Foreign Minister Celso Amorim said opposition from big powers to a joint Brazilian-Turkish mediation effort on the Iranian nuclear dispute suggested they would resist changes to the global order, such as reform of the UN Security Council.
Speaking to reporters at a conference in Geneva of the transatlantic International Institute for Strategic Studies think tank, Amorim said the United States and Brazil had disagreed only on tactics on Iran, not on fundamental strategy.
“I don’t see any problem between President Lula and President Obama,” he said, referring to President Luiz Inacio Lula da Silva and Barack Obama.
“We have to be mature people and we have to understand that people, especially mature people who agree with the same objectives… can disagree on tactics.”
Brazilian officials have complained in private that their good-faith efforts to revive a stalled nuclear fuel swap agreement in May were swiftly brushed aside with little regard for Brazil’s status as an emerging power.
Brazil and Turkey later voted against a new round of UN sanctions against Iran aimed at persuading Tehran to halt atom work that the West suspects is intended to develop a nuclear weapon. Iran denies it seeks such a weapon.
Amorim said he agreed with a statement at the conference by US Deputy Secretary of State Jim Steinberg that Washington’s differences with the mediation attempt were to do with tactics and did not signal a divergence of interests or goals.
But in a debate on the growing global role of emerging powers such as Brazil, the minister told delegates that the dispute “shows how resistant major powers will be to changes (in the power balance in global institutions), it shows how difficult it will be to change the Security Council.”
“But reform will come to the Council one day, one way or another.”
India and Brazil, along with Japan and Germany, are seeking a seat on the UN Security Council, which they say now reflects an outdated post-World War Two global order. But a lack of consensus among current council members has stalled reforms. The United States wants Japan in the council, but China objects.
The so-called BRIC countries of Brazil, India, Russia and China, want more representation in the World Bank and the International Monetary Fund.
Steinberg told the conference Washington welcomed the growing role of the BRICs and other powers such as Turkey and South Africa, but that constant dialogue with Washington was needed to overcome differences.

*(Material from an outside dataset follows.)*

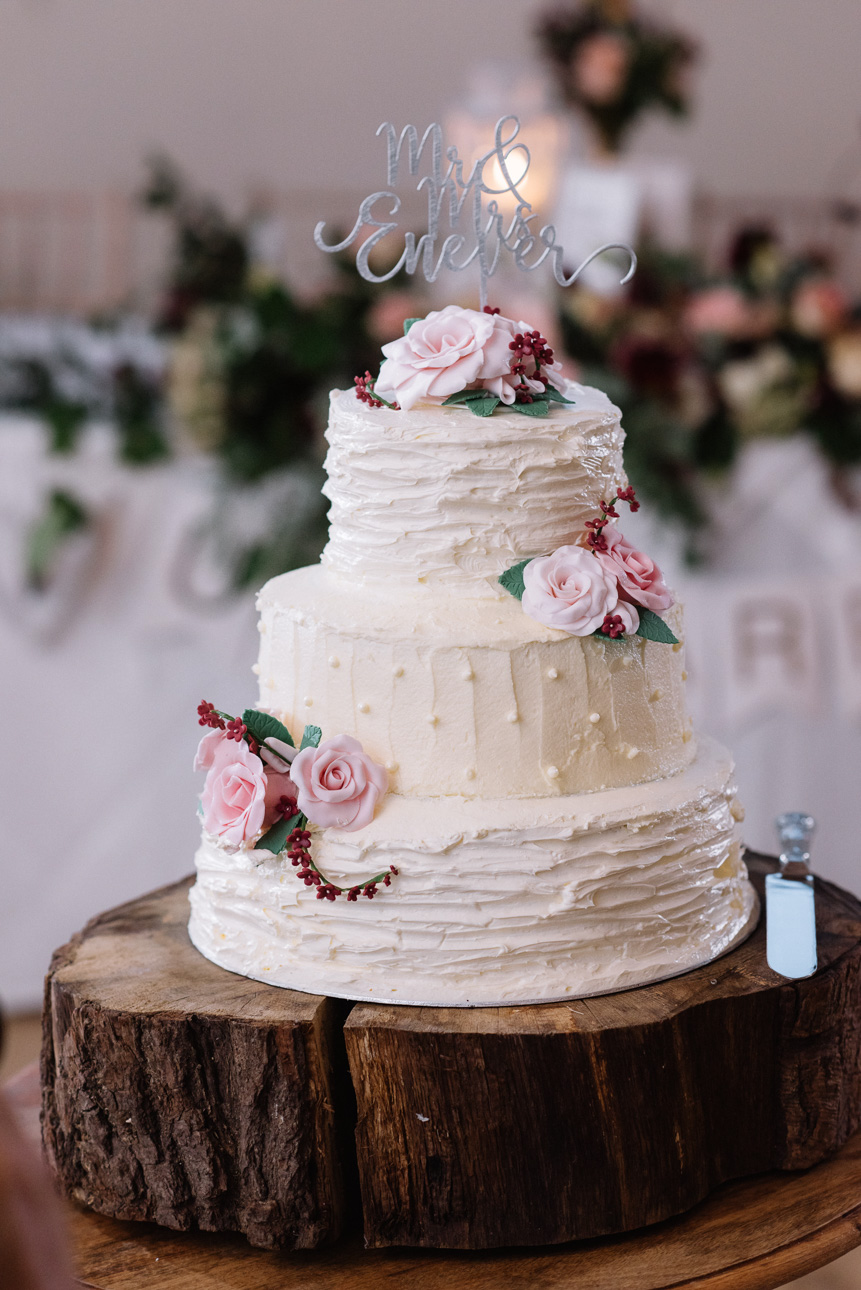 HYDE BARN WEDDING PHOTOGRAPHER 72 ClaireandWill HydeHousewedding 661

“We do not see their rise as an inherent threat to our interests, but we recognise that cooperation will not come automatically and that we will inevitably face issues on which our interests diverge,” he said.
Washington had a “keen sense” of a need for reform of the Security Council, the world’s top security decision-making body, but a consensus did not yet exist about how best to change so as to sustain its effectiveness and improve its legitimacy.
“Because of the importance of the Council to us in dealing with issues such as Iran and North Korea, it’s not something we will change lightly,” he said.